This is not an observation about cynicism. It does not require that politicians be secretly calculating rather than genuinely outraged. The trap is structural, not psychological. When the institution’s primary product becomes the acknowledgment of harm rather than its repair, even sincere actors begin operating within a reward system that punishes resolution. A political movement that achieves its demand — tangibly, measurably, in law and material reality — loses its organizing principle. The television cameras move elsewhere. The fundraising emails stop producing the same urgency. The wound, which was the movement’s identity, heals, and with it goes the particular form of social solidarity that the wound had organized. This is why so many political victories in the last fifty years have been simultaneously real and insufficient: they were absorbed by the spectacle machinery before they could consolidate into changed material conditions.

The media infrastructure that grew alongside this institutional shift was not a neutral amplifier. By the time cable news had fully matured into its present form — CNN launching in 1980, Fox News in 1996, the subsequent proliferation of partisan digital channels — the economic model of political media had converged entirely with the emotional logic Brown described. Outrage generates engagement. Engagement generates revenue. This is not a metaphor. The advertising rates for cable news segments covering active political conflict run measurably higher than those covering policy passage or institutional routine. The industry has a direct financial stake in the non-resolution of the anger it broadcasts, which means it is structurally incapable of covering the conditions that might end it.

What gets produced in this system is something that resembles political action while functioning as its substitute. A constituency watches its anger reflected back at scale, amplified, validated, given the production values of importance — and the act of watching substitutes for the more effortful, less cinematically satisfying work of organizing, negotiating, or tolerating the ambiguity of partial victories. The spectacle of grievance is, among other things, an extremely efficient way to keep people feeling politically active while keeping the underlying conditions stable. You can spend an entire decade consuming content about inequality without ever attending a zoning board meeting where inequality is actually produced and reproduced at the municipal level.

There is a particular cruelty embedded in systems that offer recognition in place of remedy. The person who comes to politics carrying a real injury — economic, social, historical — is met with a mirror instead of a lever. The mirror is flattering. It confirms that the injury is real, that it matters, that others share it. But a mirror cannot move anything. The recognition, however genuine, leaves the underlying conditions intact, and the person who sought remedy departs instead with validation — which is to say, with nothing changed except their sense of having been seen.

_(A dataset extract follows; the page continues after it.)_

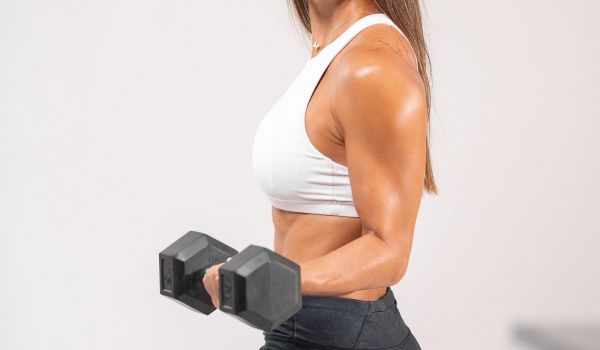 como ganar masa muscular en la mujer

The Escalation Ladder: From Micro-Aggression to Mass Event

You are standing at the back of a crowd and you can feel the temperature before you can name it. Not heat exactly — something closer to pressure, the way a room changes when everyone in it has already decided something and is waiting for permission to act on it. The speakers at the front are not inciting anything, not technically. They are narrating grievances. But narration at sufficient volume, aimed at a body of people who arrived already primed, does something to the architecture of the possible. The man beside you is not violent. He has never been violent. But his jaw is set in a way that his wife would recognize and his children would know to avoid.

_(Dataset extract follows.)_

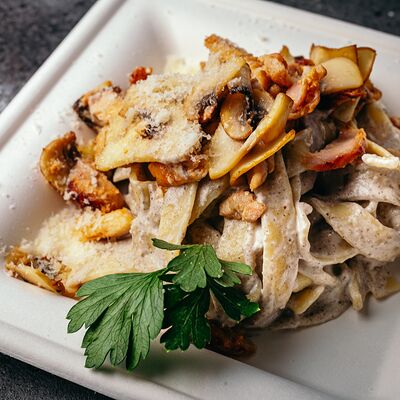 Паста с курочкой и грибами в Bourbon по цене 450 ₽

What Clark McCauley and Sophia Moskalenko documented in their 2011 study of radicalization is precisely this: that the pyramid is not built from the top down. Mass violence does not begin with ideologues or manifestos. It begins at the base, in a vast population of people who hold grievances they consider legitimate, who feel their complaints are not heard, who do not yet act but who have begun to sort the world into those who understand and those who are complicit in not understanding. The pyramid’s base is enormous and almost entirely nonviolent. But it is the structural precondition for everything above it. Remove the base and the apex has no weight to carry it. Feed the base — through humiliation, through repetition, through the steady confirmation that the system will not adjust — and the pyramid grows upward with a logic that feels, to those inside it, like nothing more than consistency.

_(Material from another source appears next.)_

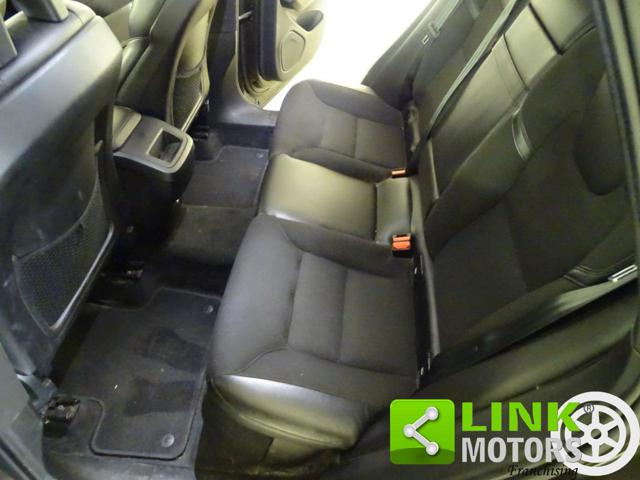 VOLVO XC60 usata, con Sistema di navigazione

What makes this architecture so difficult to interrupt is that it operates across scales simultaneously. The mechanisms governing a neighborhood dispute — status injury, the refusal of acknowledgment, the escalation triggered when an apology is not offered at the moment it could still matter — are not metaphorically similar to the mechanisms governing ethnic conflict or political polarization. They are structurally identical. Henri Tajfel‘s social identity theory, developed through experiments in the early 1970s, showed that human beings will sacrifice material benefit to maintain group advantage over an outgroup, even when that outgroup is assigned arbitrarily. The harm people are willing to do scales directly with how much of their identity has been invested in the distinction. This is not tribalism as atavism. It is tribalism as rational response to a system that allocates dignity through belonging.

The interpersonal slight and the geopolitical grievance are not different in kind, only in the size of the stage on which they are performed. A study published in the Journal of Conflict Resolution in 2004 found that individuals who had experienced personal humiliation — defined as a public reduction of their status that they perceived as unjust — showed significantly higher support for extreme political actions than those who held equivalent ideological positions but had not experienced comparable personal injury. The grievance does not need to be political in origin to become political in expression. It needs only to find a frame that makes it legible as collective rather than private, systemic rather than accidental, and therefore requiring a response that is proportionate to what has actually been done.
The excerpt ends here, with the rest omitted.